Mourning Promenade Dresses September 1805

Fashions of London and Paris, September 1805.

“Promenade Dresses”

Mourning Dresses September 1805The fashions for this month, in all the British publications that included fashion prints, showed full mourning. This was due to the death of the Duke of Gloucester, the king’s younger brother, on August 25. The Lord Chamberlain had declared that both Court and General Mourning should be observed beginning September 1.

The dresses shown here represent full or deep mourning, ie unrelieved black in fabrics with a matte finish. It is worth noting that these dresses are designated “Promenade Dresses,” which indicates they would have been worn during the fashionable promenade hours of late afternoon in Hyde Park, or other public places.
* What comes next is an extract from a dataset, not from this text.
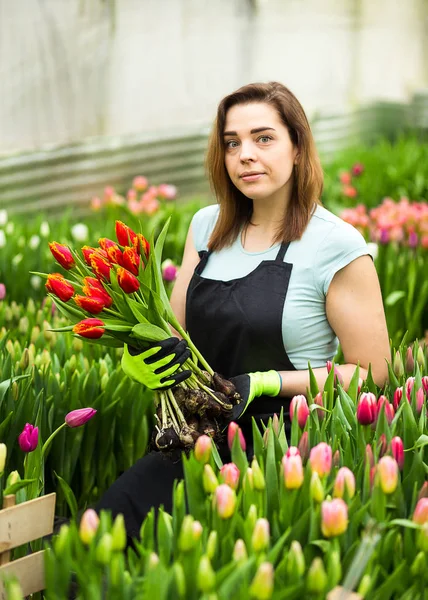 Mulher jardineiro florista segurando um buquê de flores, de pé em uma estufa, onde as tulipas cultivar, Smiling jardineiro segurando tulipas com bulbos, Primavera, muitas tulipas, conceito de flores — Fotografia de Stock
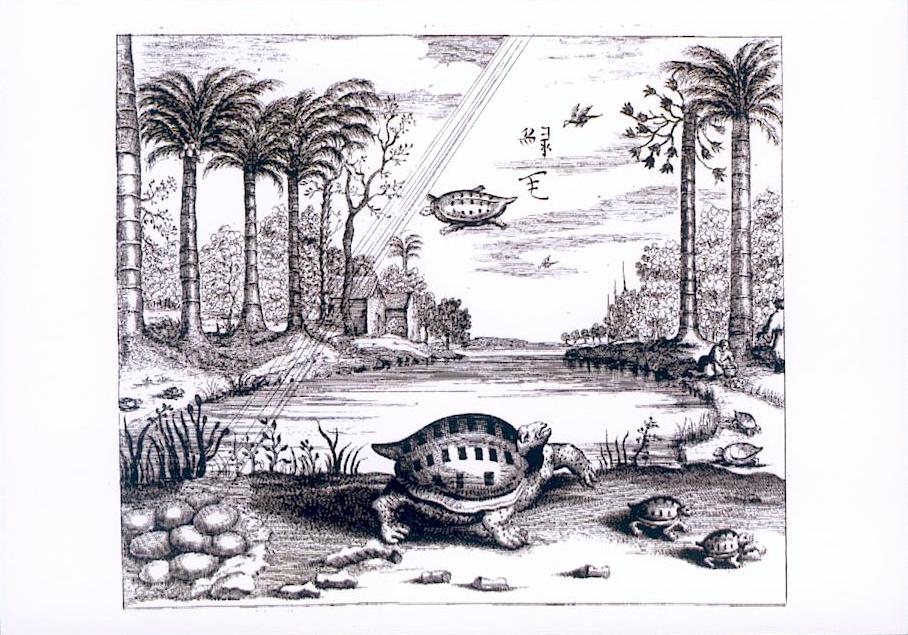 Gravures avec Tortues.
So, deep mourning, at least for a public figure, did not require one to curtail all one’s social activities. The king did declare, however, that all the London theatres should remain closed until after his brother’s funeral.

In a letter to her sister on August 30, 1805, Jane Austen says:  “I suppose everybody will be in black for the D. of G. Must we buy lace, or will ribbon do?”

The print is described in the magazine as follows:

“TWO WALKING DRESSES.

“Fig. 1–A short dress of black sarsnet trimmed with crape. A shawl cloak of black crape. Black chip bonnet.
“Fig. 2–A long dress of black Italian gauze over black sarsnet. A scarf of black crape. Black chip hat.”

In the General Observations in this issue of the magazine, it states: “So general is the present mourning, that not a colour of any description is to be seen.”